* Problem statement *
The response must consist of every line of the listing, reproduced verbatim.

+++ Exercise data +++

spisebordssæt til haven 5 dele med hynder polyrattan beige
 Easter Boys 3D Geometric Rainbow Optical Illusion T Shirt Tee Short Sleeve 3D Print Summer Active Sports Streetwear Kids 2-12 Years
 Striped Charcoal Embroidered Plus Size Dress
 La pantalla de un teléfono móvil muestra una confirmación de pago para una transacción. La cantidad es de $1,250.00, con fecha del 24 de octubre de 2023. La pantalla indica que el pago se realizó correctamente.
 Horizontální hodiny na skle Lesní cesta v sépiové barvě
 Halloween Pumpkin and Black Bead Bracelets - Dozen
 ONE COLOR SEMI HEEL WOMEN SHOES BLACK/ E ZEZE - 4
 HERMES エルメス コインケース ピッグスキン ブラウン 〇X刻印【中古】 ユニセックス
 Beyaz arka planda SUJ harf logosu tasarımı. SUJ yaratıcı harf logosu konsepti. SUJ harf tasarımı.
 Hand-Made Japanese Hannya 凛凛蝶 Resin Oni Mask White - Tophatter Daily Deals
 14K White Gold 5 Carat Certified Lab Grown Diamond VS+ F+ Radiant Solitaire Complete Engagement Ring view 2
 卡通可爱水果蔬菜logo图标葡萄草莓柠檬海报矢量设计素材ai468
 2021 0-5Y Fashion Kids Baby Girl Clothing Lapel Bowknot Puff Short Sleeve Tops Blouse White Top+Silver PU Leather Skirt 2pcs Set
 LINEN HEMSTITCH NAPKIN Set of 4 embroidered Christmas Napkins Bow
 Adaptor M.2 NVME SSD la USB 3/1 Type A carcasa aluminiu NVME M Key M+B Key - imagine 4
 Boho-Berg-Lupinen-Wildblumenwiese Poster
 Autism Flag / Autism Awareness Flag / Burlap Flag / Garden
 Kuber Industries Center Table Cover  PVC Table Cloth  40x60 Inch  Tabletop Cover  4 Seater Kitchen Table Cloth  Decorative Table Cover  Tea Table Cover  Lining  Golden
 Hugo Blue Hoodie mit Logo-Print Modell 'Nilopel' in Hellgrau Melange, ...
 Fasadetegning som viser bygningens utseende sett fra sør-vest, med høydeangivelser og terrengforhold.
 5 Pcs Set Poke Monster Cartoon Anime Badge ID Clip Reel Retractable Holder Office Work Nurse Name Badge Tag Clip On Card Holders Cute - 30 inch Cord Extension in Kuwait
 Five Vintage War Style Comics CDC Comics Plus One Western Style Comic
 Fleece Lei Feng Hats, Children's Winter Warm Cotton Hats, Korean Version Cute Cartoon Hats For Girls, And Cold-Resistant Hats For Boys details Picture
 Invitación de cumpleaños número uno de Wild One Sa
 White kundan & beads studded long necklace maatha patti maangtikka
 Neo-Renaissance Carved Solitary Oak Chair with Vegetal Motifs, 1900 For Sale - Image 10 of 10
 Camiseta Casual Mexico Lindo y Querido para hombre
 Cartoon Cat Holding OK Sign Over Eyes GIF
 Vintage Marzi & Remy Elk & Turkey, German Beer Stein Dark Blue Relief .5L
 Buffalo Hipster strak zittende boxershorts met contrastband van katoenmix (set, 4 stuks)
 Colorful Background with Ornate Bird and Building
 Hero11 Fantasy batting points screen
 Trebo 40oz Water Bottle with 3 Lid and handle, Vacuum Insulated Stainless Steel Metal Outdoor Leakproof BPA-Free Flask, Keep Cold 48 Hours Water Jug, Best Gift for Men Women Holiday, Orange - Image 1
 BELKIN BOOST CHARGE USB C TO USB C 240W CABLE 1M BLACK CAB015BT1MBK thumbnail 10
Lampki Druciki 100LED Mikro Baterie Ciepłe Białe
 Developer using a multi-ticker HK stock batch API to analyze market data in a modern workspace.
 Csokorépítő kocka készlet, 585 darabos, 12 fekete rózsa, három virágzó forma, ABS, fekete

+++

* Answer to this exercise *
spisebordssæt til haven 5 dele med hynder polyrattan beige
 Easter Boys 3D Geometric Rainbow Optical Illusion T Shirt Tee Short Sleeve 3D Print Summer Active Sports Streetwear Kids 2-12 Years
 Striped Charcoal Embroidered Plus Size Dress
 La pantalla de un teléfono móvil muestra una confirmación de pago para una transacción. La cantidad es de $1,250.00, con fecha del 24 de octubre de 2023. La pantalla indica que el pago se realizó correctamente.
 Horizontální hodiny na skle Lesní cesta v sépiové barvě
 Halloween Pumpkin and Black Bead Bracelets - Dozen
 ONE COLOR SEMI HEEL WOMEN SHOES BLACK/ E ZEZE - 4
 HERMES エルメス コインケース ピッグスキン ブラウン 〇X刻印【中古】 ユニセックス
 Beyaz arka planda SUJ harf logosu tasarımı. SUJ yaratıcı harf logosu konsepti. SUJ harf tasarımı.
 Hand-Made Japanese Hannya 凛凛蝶 Resin Oni Mask White - Tophatter Daily Deals
 14K White Gold 5 Carat Certified Lab Grown Diamond VS+ F+ Radiant Solitaire Complete Engagement Ring view 2
 卡通可爱水果蔬菜logo图标葡萄草莓柠檬海报矢量设计素材ai468
 2021 0-5Y Fashion Kids Baby Girl Clothing Lapel Bowknot Puff Short Sleeve Tops Blouse White Top+Silver PU Leather Skirt 2pcs Set
 LINEN HEMSTITCH NAPKIN Set of 4 embroidered Christmas Napkins Bow
 Adaptor M.2 NVME SSD la USB 3/1 Type A carcasa aluminiu NVME M Key M+B Key - imagine 4
 Boho-Berg-Lupinen-Wildblumenwiese Poster
 Autism Flag / Autism Awareness Flag / Burlap Flag / Garden
 Kuber Industries Center Table Cover  PVC Table Cloth  40x60 Inch  Tabletop Cover  4 Seater Kitchen Table Cloth  Decorative Table Cover  Tea Table Cover  Lining  Golden
 Hugo Blue Hoodie mit Logo-Print Modell 'Nilopel' in Hellgrau Melange, ...
 Fasadetegning som viser bygningens utseende sett fra sør-vest, med høydeangivelser og terrengforhold.
 5 Pcs Set Poke Monster Cartoon Anime Badge ID Clip Reel Retractable Holder Office Work Nurse Name Badge Tag Clip On Card Holders Cute - 30 inch Cord Extension in Kuwait
 Five Vintage War Style Comics CDC Comics Plus One Western Style Comic
 Fleece Lei Feng Hats, Children's Winter Warm Cotton Hats, Korean Version Cute Cartoon Hats For Girls, And Cold-Resistant Hats For Boys details Picture
 Invitación de cumpleaños número uno de Wild One Sa
 White kundan & beads studded long necklace maatha patti maangtikka
 Neo-Renaissance Carved Solitary Oak Chair with Vegetal Motifs, 1900 For Sale - Image 10 of 10
 Camiseta Casual Mexico Lindo y Querido para hombre
 Cartoon Cat Holding OK Sign Over Eyes GIF
 Vintage Marzi & Remy Elk & Turkey, German Beer Stein Dark Blue Relief .5L
 Buffalo Hipster strak zittende boxershorts met contrastband van katoenmix (set, 4 stuks)
 Colorful Background with Ornate Bird and Building
 Hero11 Fantasy batting points screen
 Trebo 40oz Water Bottle with 3 Lid and handle, Vacuum Insulated Stainless Steel Metal Outdoor Leakproof BPA-Free Flask, Keep Cold 48 Hours Water Jug, Best Gift for Men Women Holiday, Orange - Image 1
 BELKIN BOOST CHARGE USB C TO USB C 240W CABLE 1M BLACK CAB015BT1MBK thumbnail 10
Lampki Druciki 100LED Mikro Baterie Ciepłe Białe
 Developer using a multi-ticker HK stock batch API to analyze market data in a modern workspace.
 Csokorépítő kocka készlet, 585 darabos, 12 fekete rózsa, három virágzó forma, ABS, fekete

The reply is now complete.